_Material shown_.
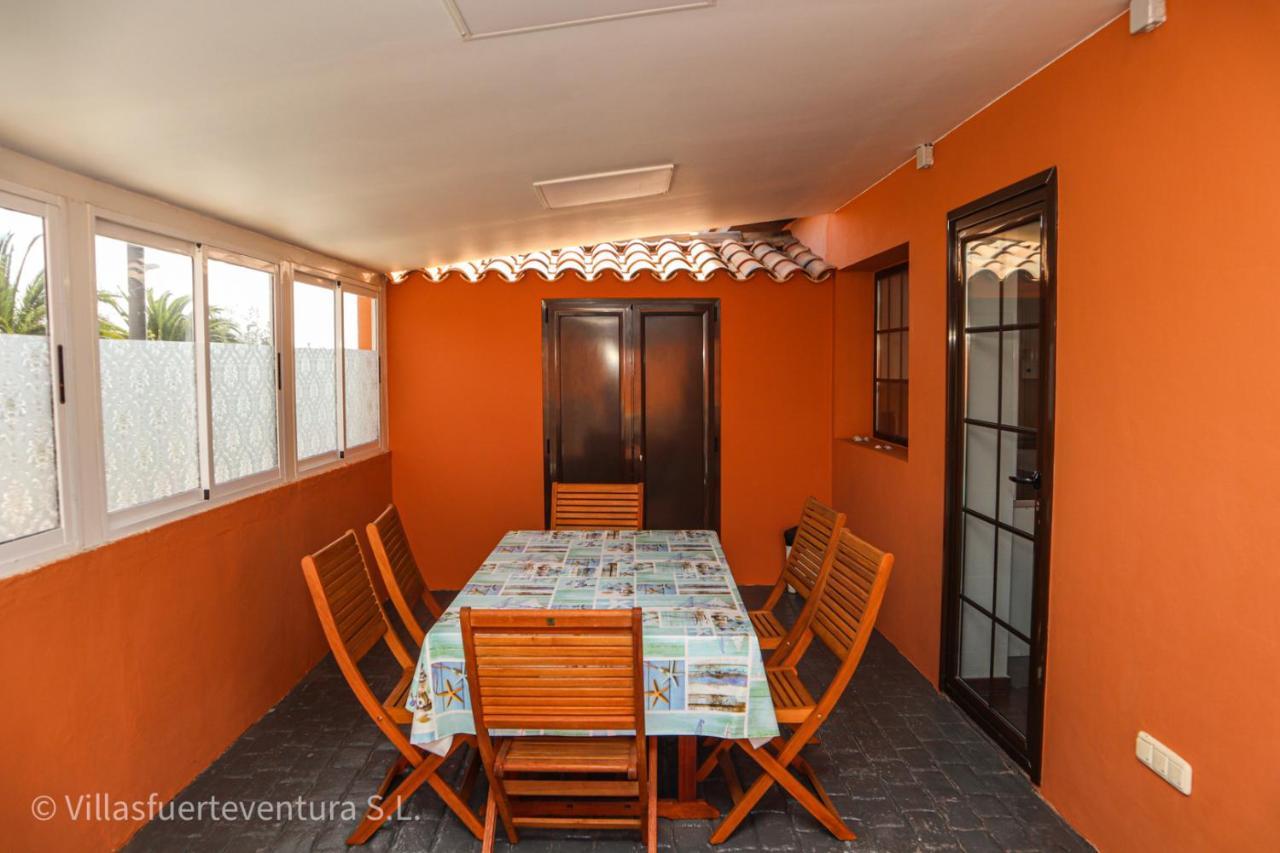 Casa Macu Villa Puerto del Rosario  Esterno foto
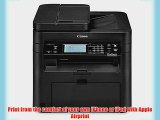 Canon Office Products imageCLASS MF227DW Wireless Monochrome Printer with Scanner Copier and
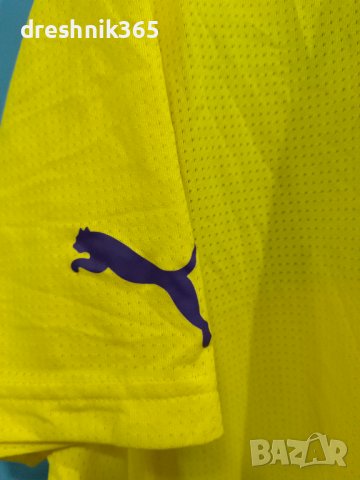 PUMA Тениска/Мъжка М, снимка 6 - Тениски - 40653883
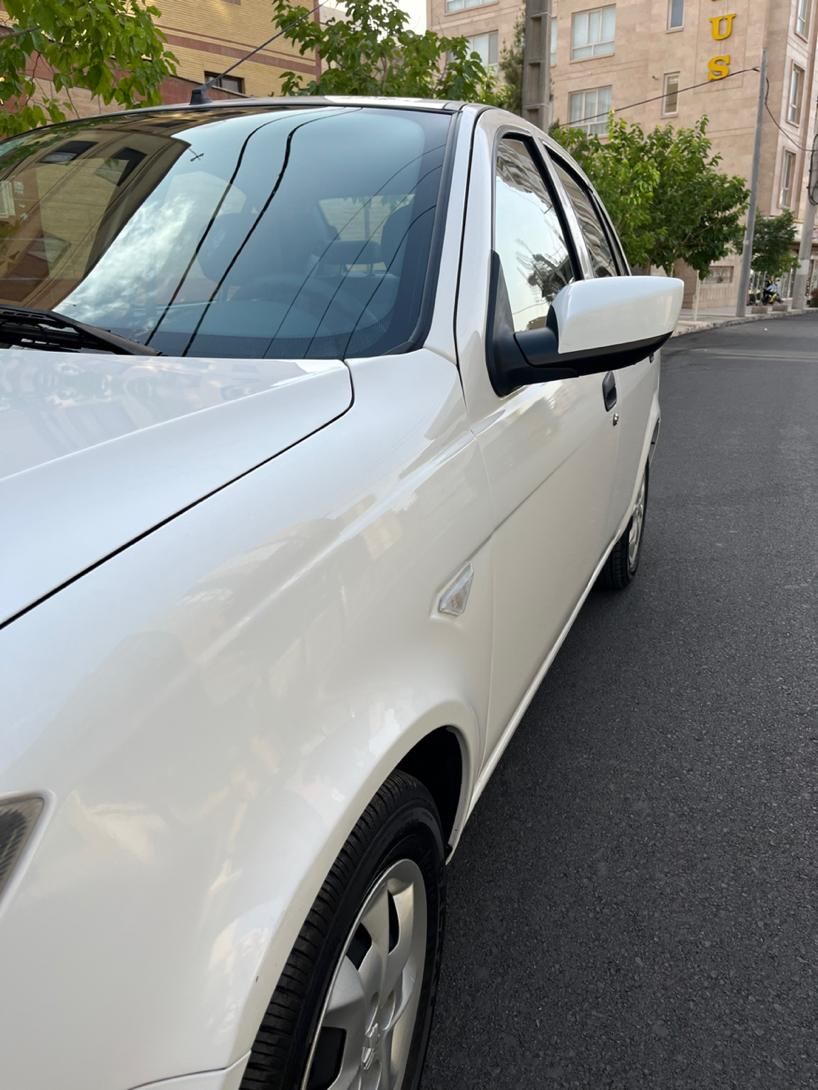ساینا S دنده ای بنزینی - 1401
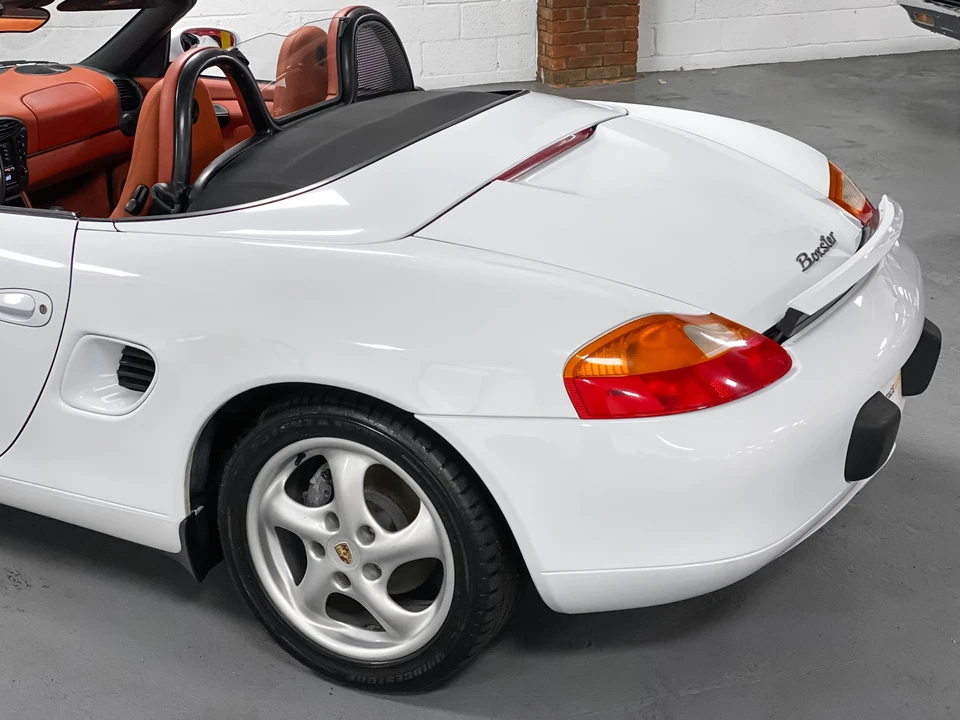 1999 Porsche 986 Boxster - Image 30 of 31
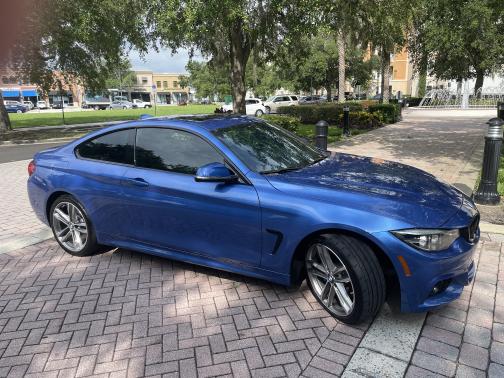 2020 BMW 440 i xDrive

---

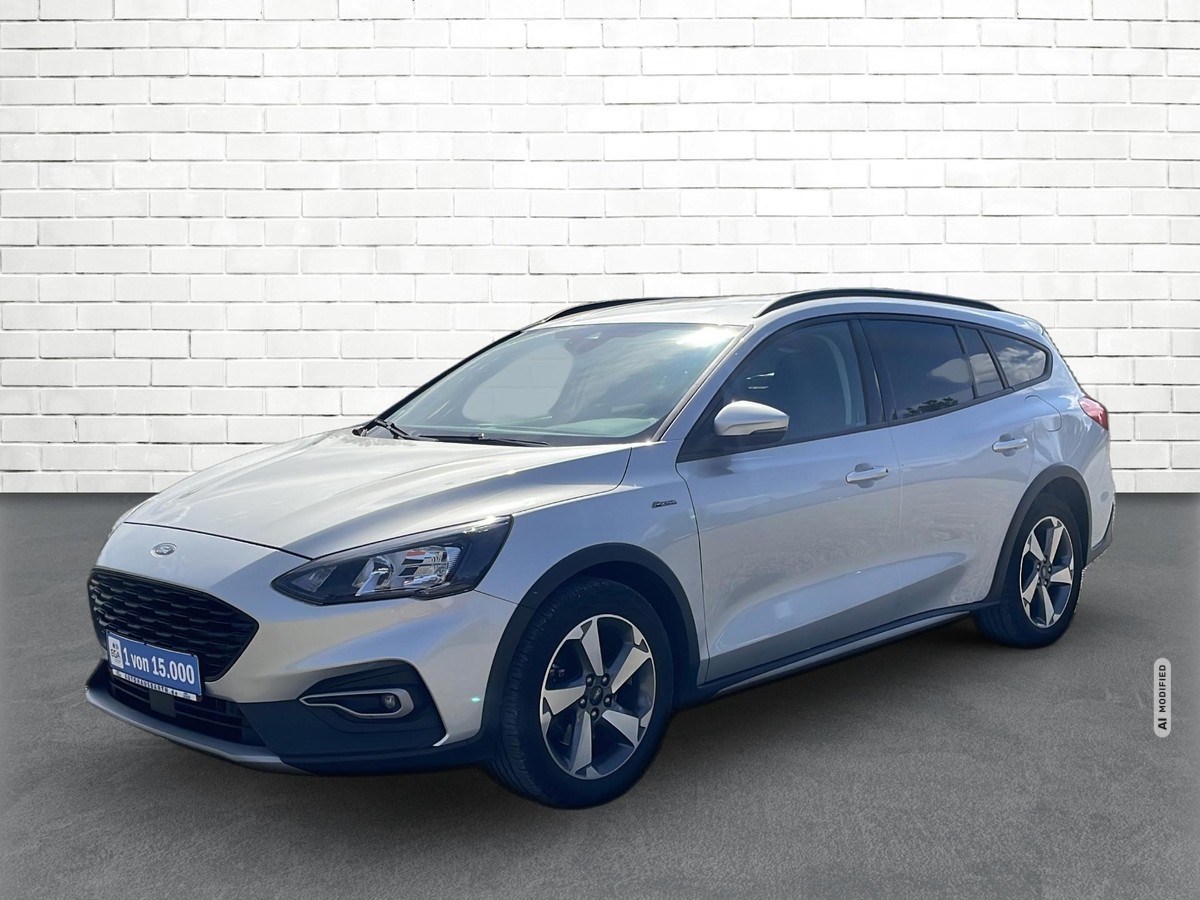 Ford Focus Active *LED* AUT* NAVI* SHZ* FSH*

* * *

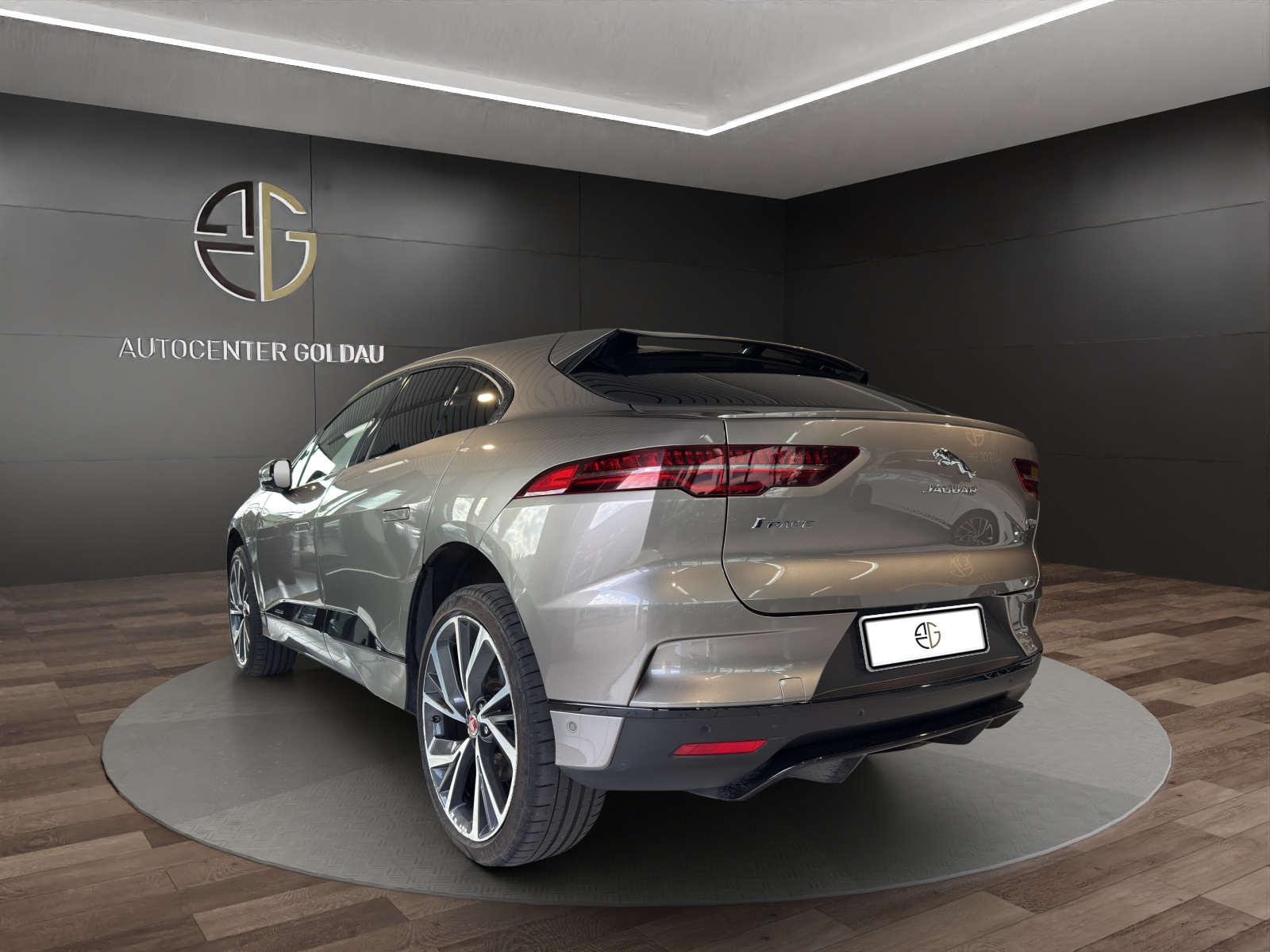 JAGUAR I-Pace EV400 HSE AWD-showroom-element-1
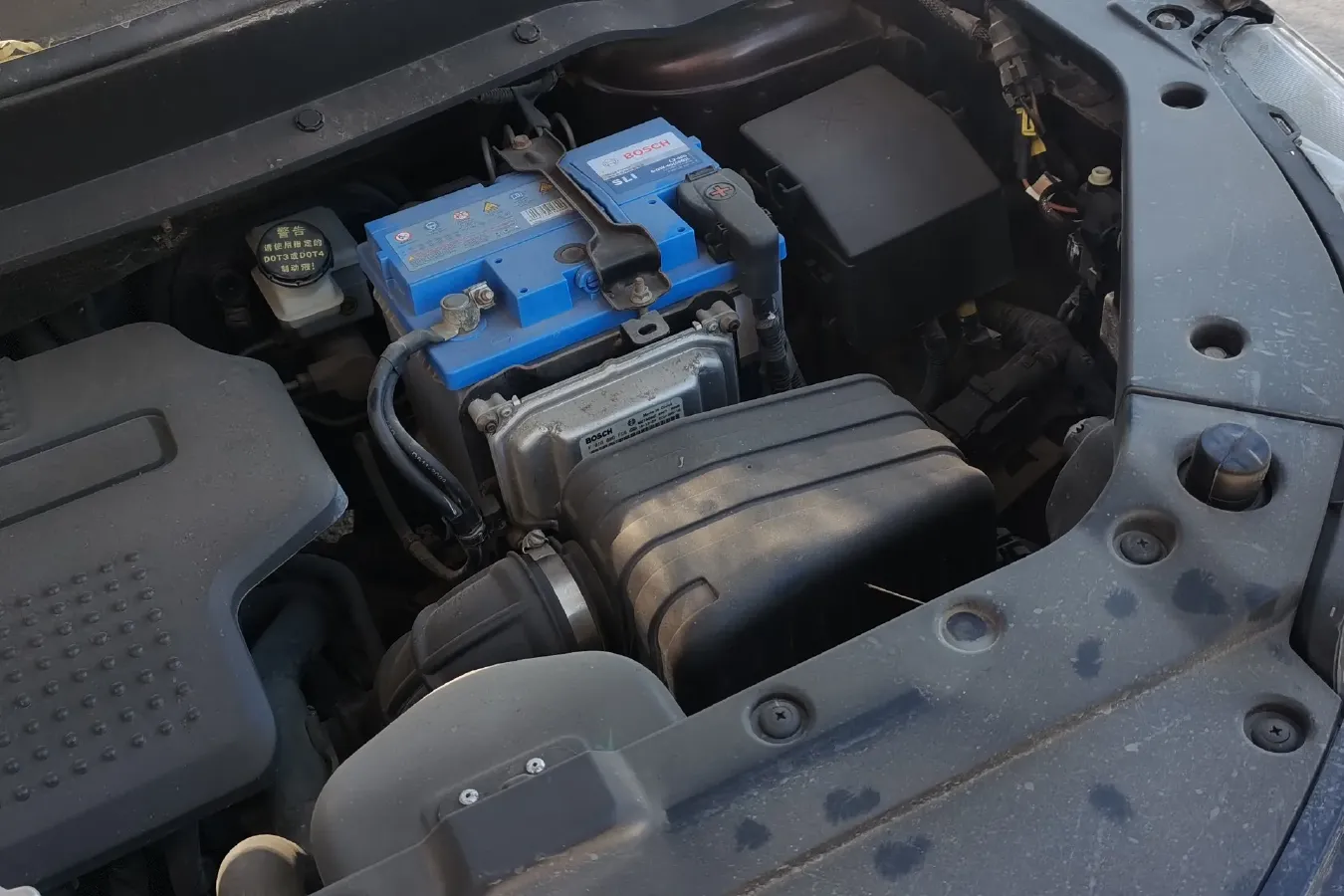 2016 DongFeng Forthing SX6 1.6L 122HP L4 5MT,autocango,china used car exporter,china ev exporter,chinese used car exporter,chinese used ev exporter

_Exercise aim_. In the listing above, find the line with "Casa Macu Villa" and output every line through the one with "2020 BMW 440 i xDrive", exactly, without the pictures.

_Response to this exercise_.
 Casa Macu Villa Puerto del Rosario  Esterno foto
 Canon Office Products imageCLASS MF227DW Wireless Monochrome Printer with Scanner Copier and
 PUMA Тениска/Мъжка М, снимка 6 - Тениски - 40653883
ساینا S دنده ای بنزینی - 1401
 1999 Porsche 986 Boxster - Image 30 of 31
 2020 BMW 440 i xDrive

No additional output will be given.